Entrepreneurial Journalism

Dass Nachwuchsjournalisten während ihrer Ausbildung ein Geschäftsmodell entwickeln, ist in den USA schon an vielen Schulen ein grundlegender Bestandteil der Ausbildung. So bietet die City University of New York (Cuny) unter anderem das 15-wöchige internationale Fellowship-Programm „Entrepreneurial Journalism“ an. Vorsitzende und Dozenten der Ausbildung sind Jeff Jarvis und Jeremy Caplan. Da die Journalismusschulen auch in den USA nicht mehr sicher sein können, dass alle ihre Absolventen in Medienhäusern unterkommen, bilden sie ihre Schüler zu Entrepreneuren aus – und ermutigen sie, ein eigenes Startup auf die Beine zu stellen. Einer der Absolventen des Cuny-Programms, Noah Rosenberg, hat zum Beispiel die Plattform Narratively ins Leben gerufen, auf der einmal in der Woche eine Geschichte über New York veröffentlicht wird. Um sein Startup zu finanzieren, sammelte Rosenberg 2012 beinah 54.000 Dollar in einer Crowdfunding-Kampagne auf Kickstarter.

Native Advertising

Während in Deutschland noch eine Debatte über den Einsatz von Native Advertising tobt, wird diese Werbeform in den USA schon völlig selbstverständlich zur Finanzierung eingesetzt und gehört für Medien wie Buzzfeed, Business Insider und Gawker zweifellos zum digitalen Journalismus dazu. Die Inhalte werden dabei oftmals nicht von den Journalisten erstellt, sondern ausgegliedert von der Redaktion im Vertrieb.

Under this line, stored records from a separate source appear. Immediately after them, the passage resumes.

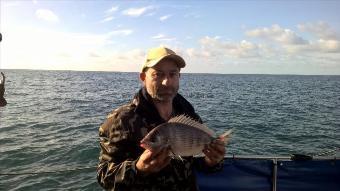 2 lb 10 oz Black Sea Bream by Stephen Wake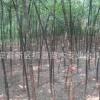 大量供應(yīng)國槐，速生國槐，大小規(guī)格國槐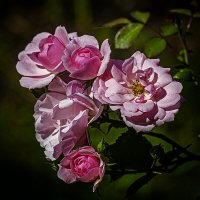 *** :: Александр 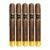 PACK OF 5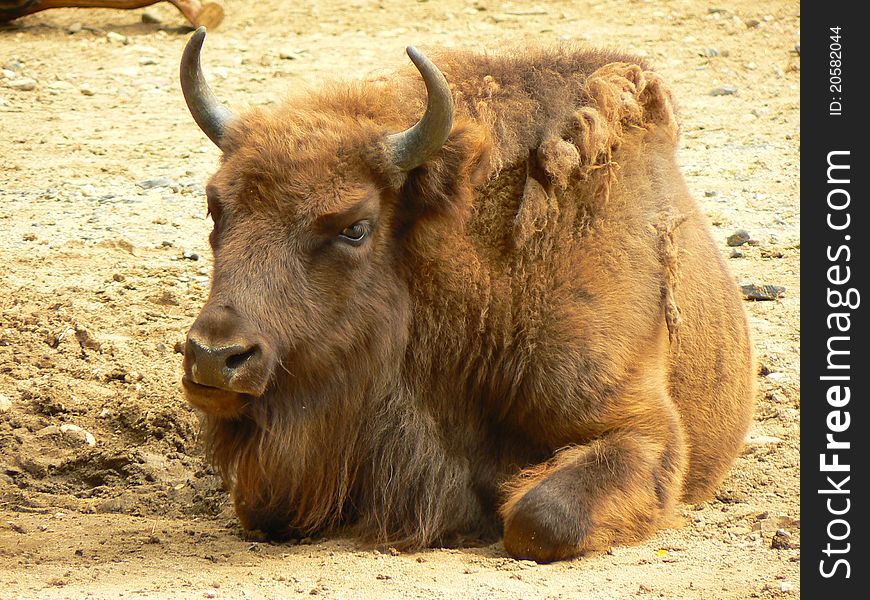 Young Bison (Bison bonasus) resting and looking at you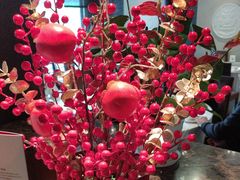 -松鹤楼(山塘街店)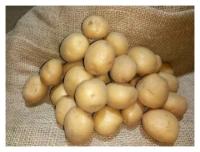 Семенной картофель Коломбо 2 кг
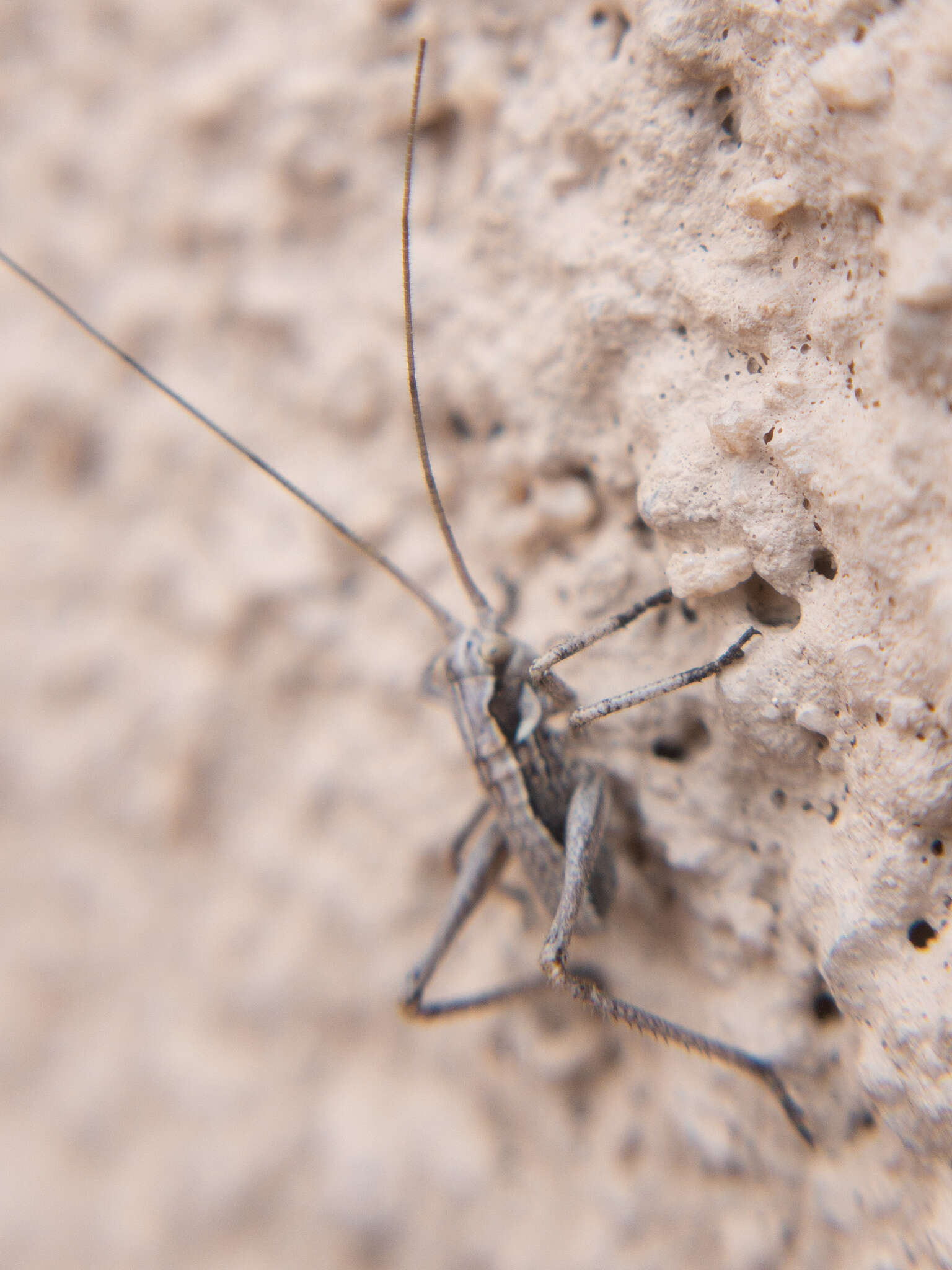 Sivun Capnobotes occidentalis (Thomas & C. 1872) kuva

Unterschiedliche News-Ansätze

Der Trend geht zur authentischen Nachrichtenberichterstattung – und zur Vielfältigkeit. Die Zeit, in der jede News-Sendung gleich aussah – ein Nachrichtensprecher steht im Studio und liest vom Teleprompter ab – scheint vorbei zu sein. Neue News-Medien wie Vice und Vox („Understanding the News“) sind auf dem Vormarsch und beweisen, dass sich junge Leute sehr wohl für Nachrichten interessieren. Vice setzt bewusst auf eine herausfordernde und explosive Mischung und zeichnet sich vor allem durch seine investigativen und langen Reportagen zu Themen abseits vom Mainstream aus. Sie sind authenthisch, anders – und erreichen damit eine neue Generation von News-Konsumenten.

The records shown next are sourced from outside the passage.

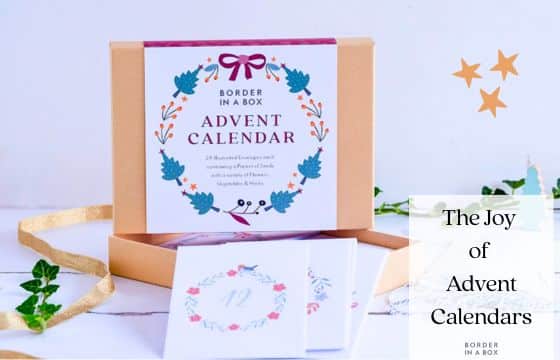 blog header advent calendar for gardeners by Border in a Box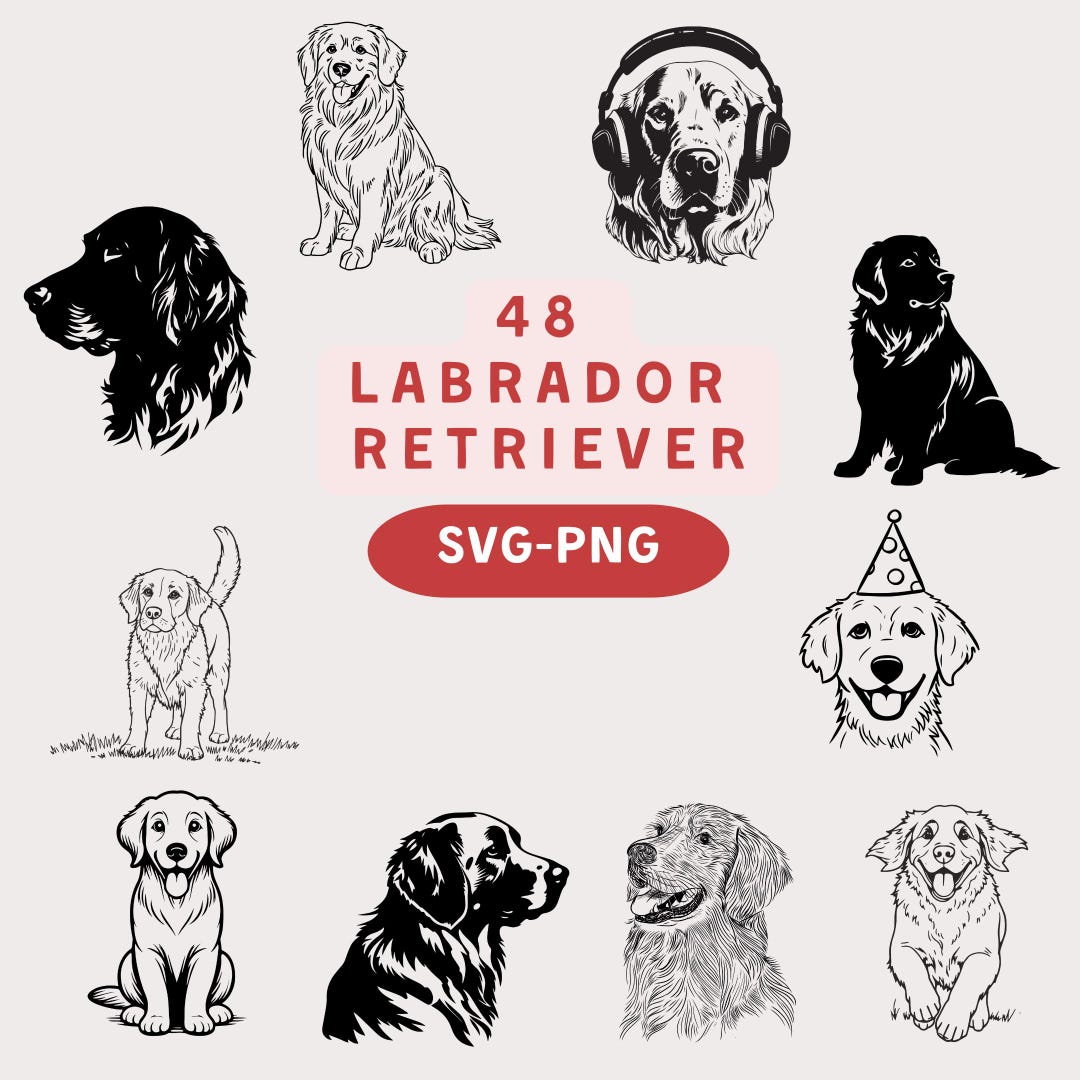 Labrador Retriever SVG PNG Bundle: 48 Hand-drawn Dog Designs - Etsy UK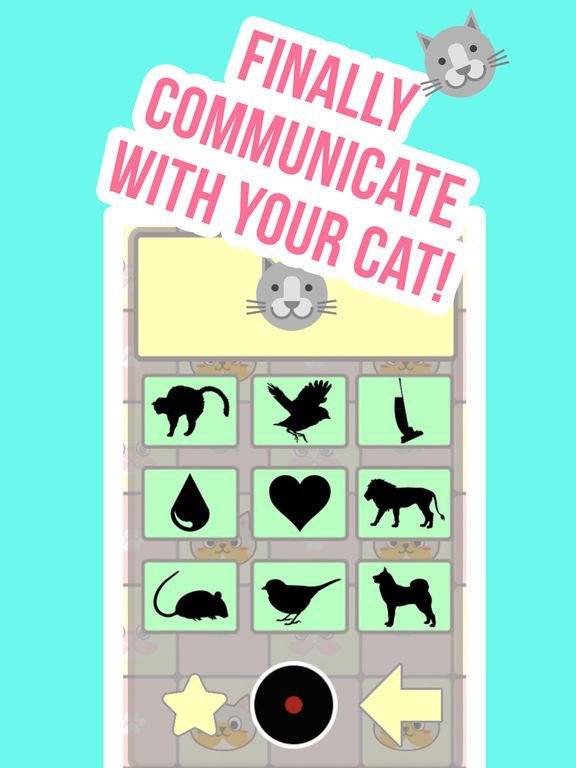 Crazy Cat Translator & Sounds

Außerdem setzen immer mehr Journalisten auf Podcasts als Mittel der Wahl zur Berichterstattung. In dem Online-Podcast „Serial“ zum Beispiel begab sich eine Journalistin auf die Spuren eines realen, mysteriösen Mordes. Mit jeder der insgesamt zwölf Episoden veröffentlichte sie neue Erkenntnisse des Kriminalfalls und schuf damit einen wahren Podcast-Hype.

Generell wird darüber hinaus Expertentum im Journalismus immer wichtiger – oder wie Jeff Jarvis es ausdrückt: „Do what you do best – and link to the rest“.

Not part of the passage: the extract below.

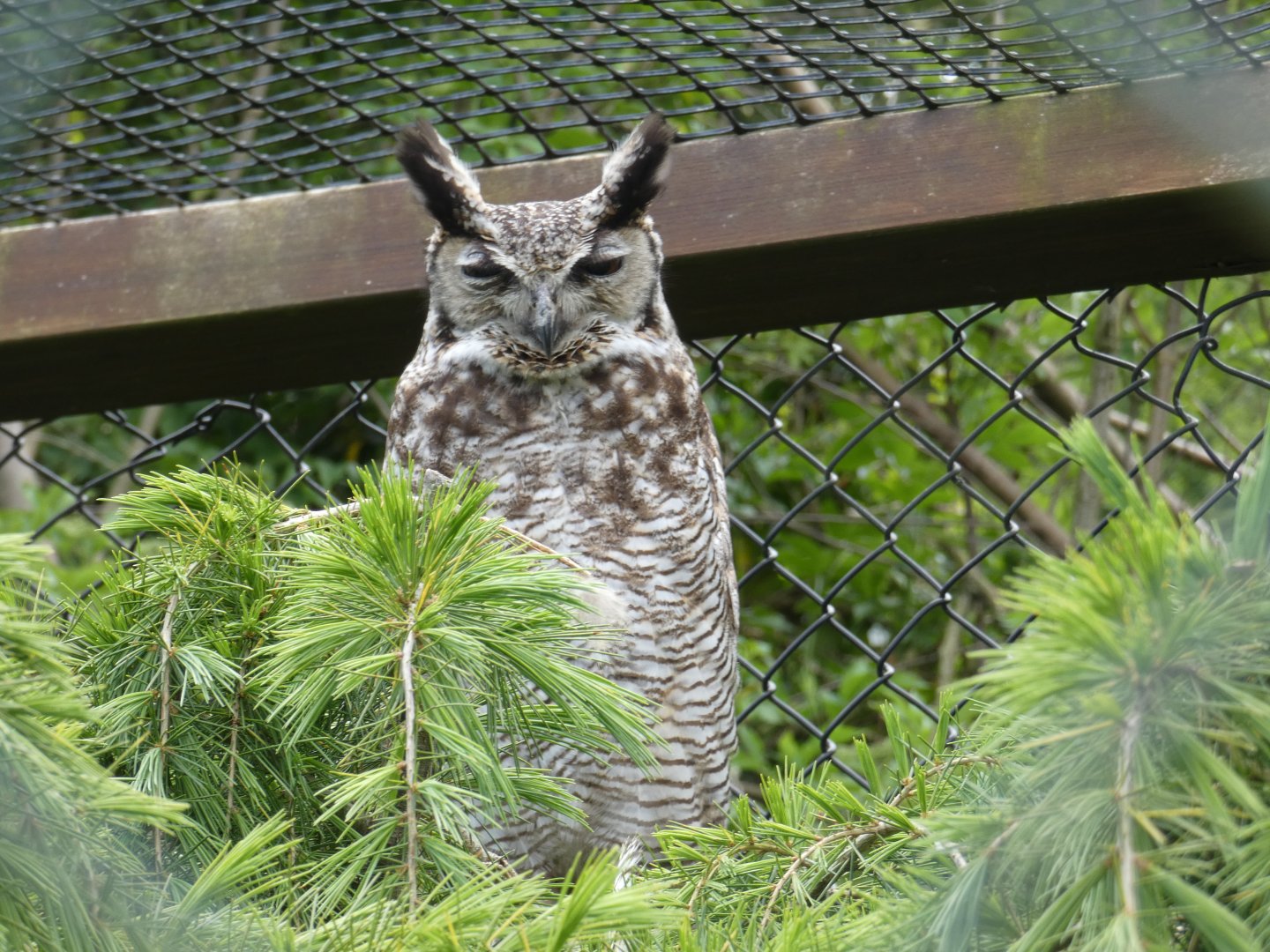 Magellan horned owl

Das Ende der simplen Smartphone-Videos

Eine neue Video-Generation steht in den Startlöchern und dürfte das Zeitalter der einfachen Smartphone-Videos schon bald hinter sich lassen: Es sind völlig neue Kameras in Entwicklung, wie zum Beispiel 3-D- und 360-Grad-Kameras oder auch Datenbrillen wie die Oculus Rift – die zum einen die Qualität der Videos deutlich verbessern und zum anderen dem journalistischen Erzählen völlig neue Möglichkeiten bieten. Stichwort: Immersive Journalism; der Trend geht deutlich in Richtung Interaktivität. Mit Tools wie racontr und KettleCorn lassen sich bereits Karten, Soundcloud-Dateien oder Links in die Filme integrieren. Noch wird die volle Bandbreite der Möglichkeiten kaum von Medienhäusern genutzt – deshalb gibt es aktuell noch umso mehr Zeit zum Ausprobieren und Experimenterieren.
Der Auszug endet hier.